>>>>>

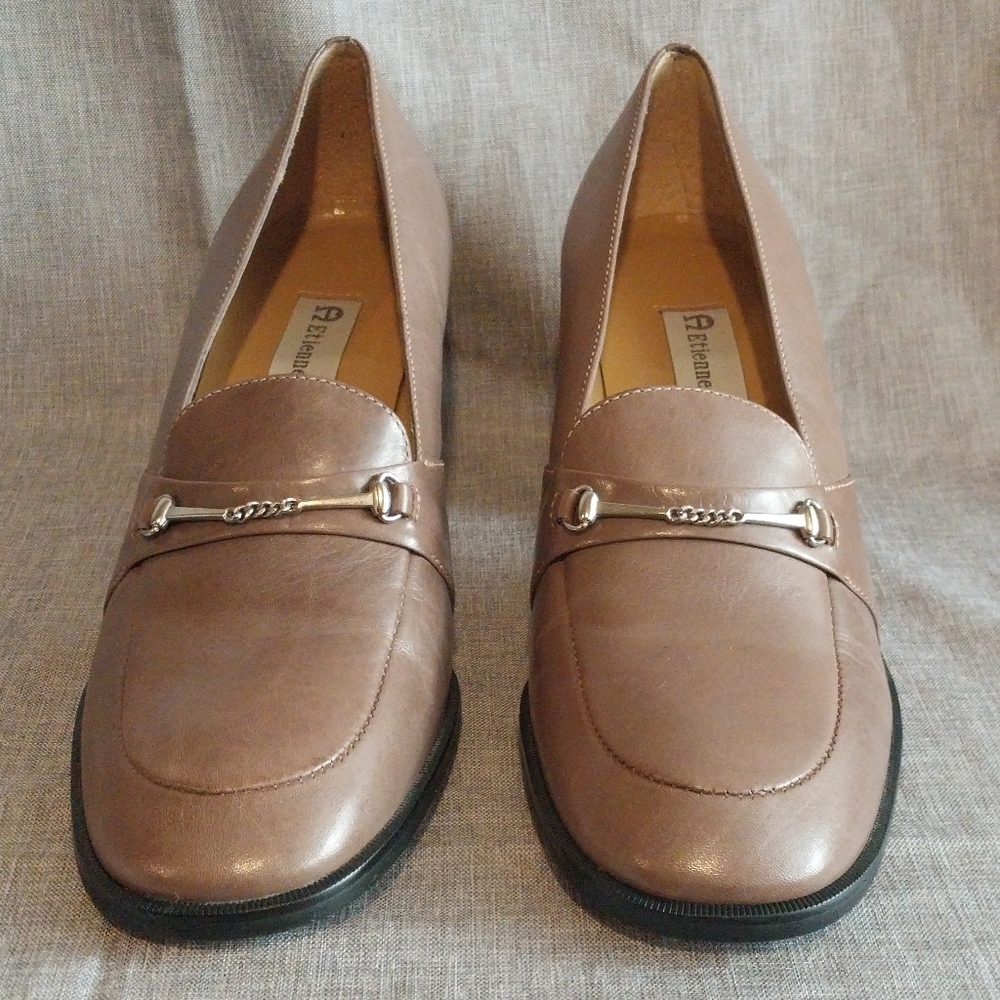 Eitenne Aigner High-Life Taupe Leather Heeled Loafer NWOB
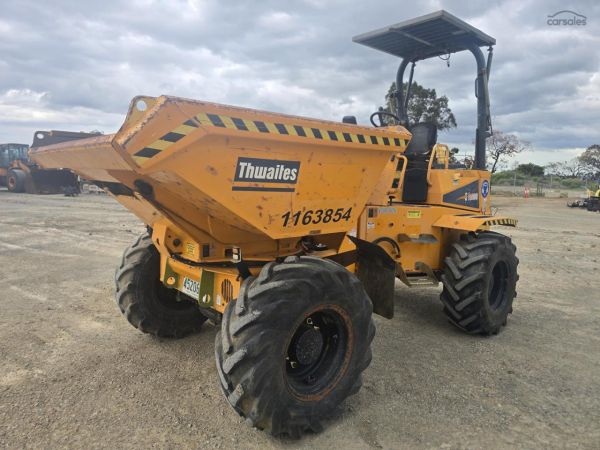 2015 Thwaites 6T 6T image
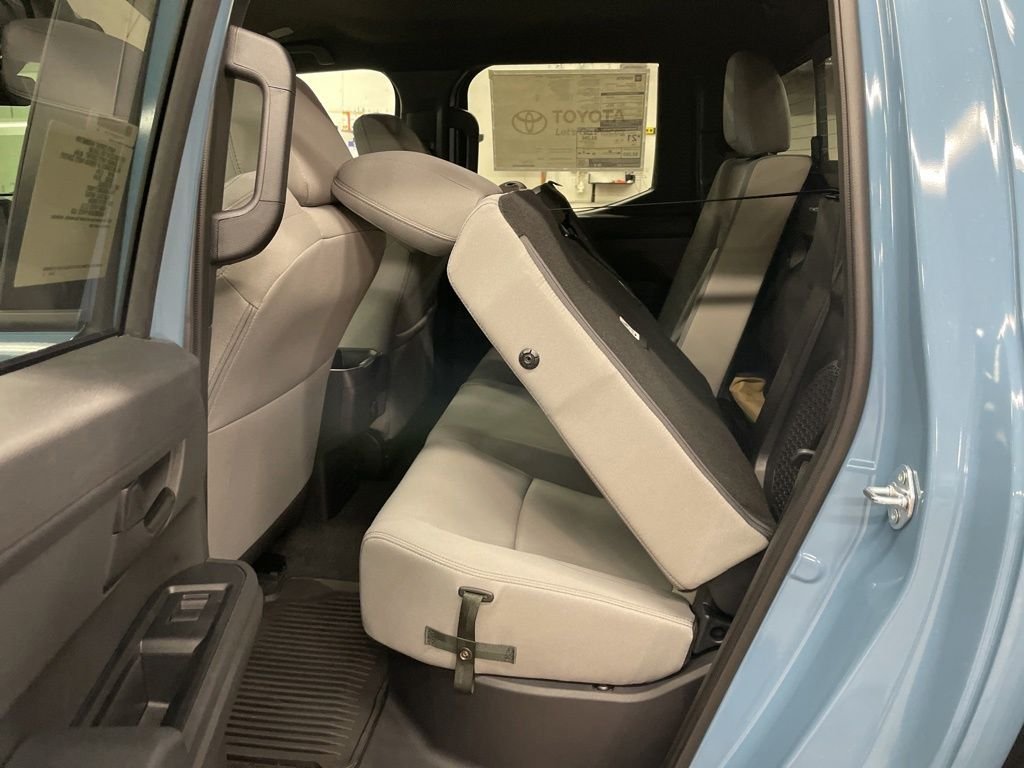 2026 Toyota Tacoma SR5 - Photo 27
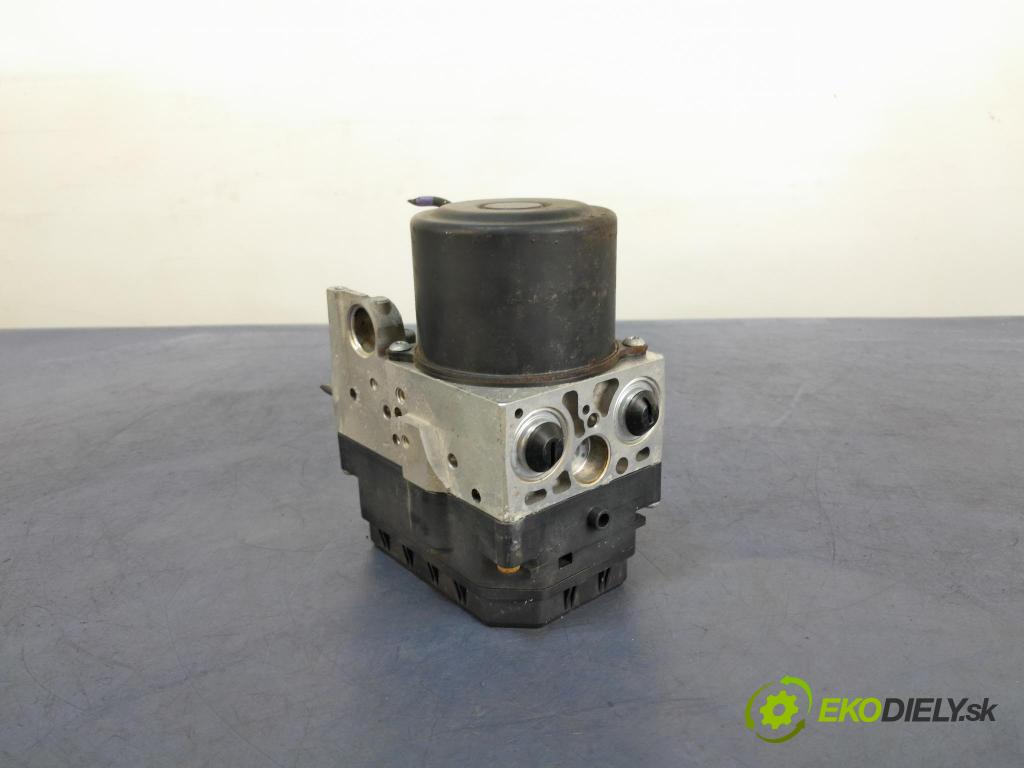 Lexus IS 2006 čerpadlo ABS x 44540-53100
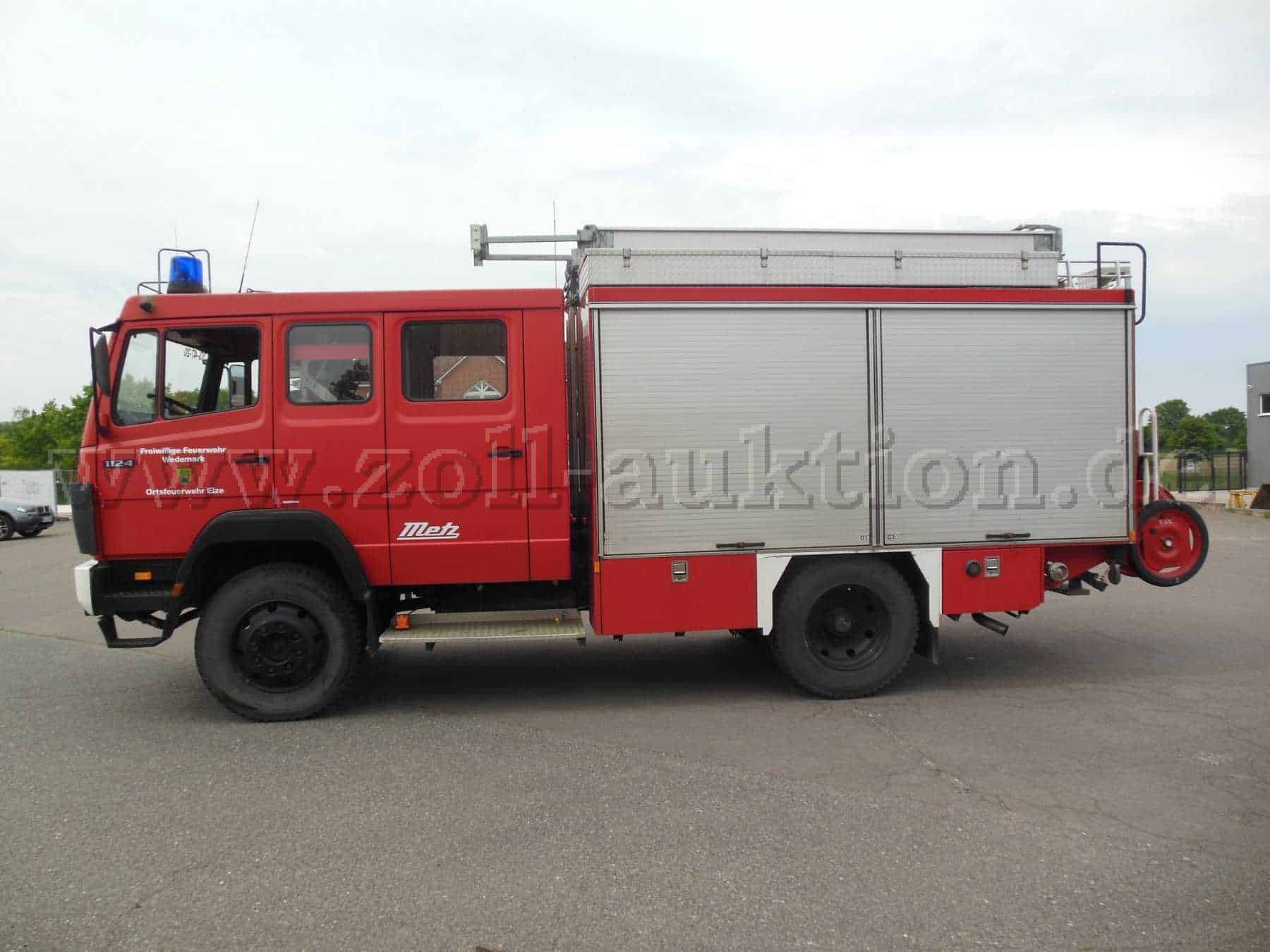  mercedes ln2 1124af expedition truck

<<<<<
>>>>>

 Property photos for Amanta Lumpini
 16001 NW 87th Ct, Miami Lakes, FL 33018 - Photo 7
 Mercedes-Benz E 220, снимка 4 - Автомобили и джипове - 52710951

<<<<<

== ACTION ITEM ==
The listing above holds a line with "Property photos for Amanta Lumpini" and a line with "Mercedes-Benz E 220, снимка". Print the stretch from the first through the second, exactly and alone.

== ANSWER TO THIS PROBLEM ==
 Property photos for Amanta Lumpini
 16001 NW 87th Ct, Miami Lakes, FL 33018 - Photo 7
 Mercedes-Benz E 220, снимка 4 - Автомобили и джипове - 52710951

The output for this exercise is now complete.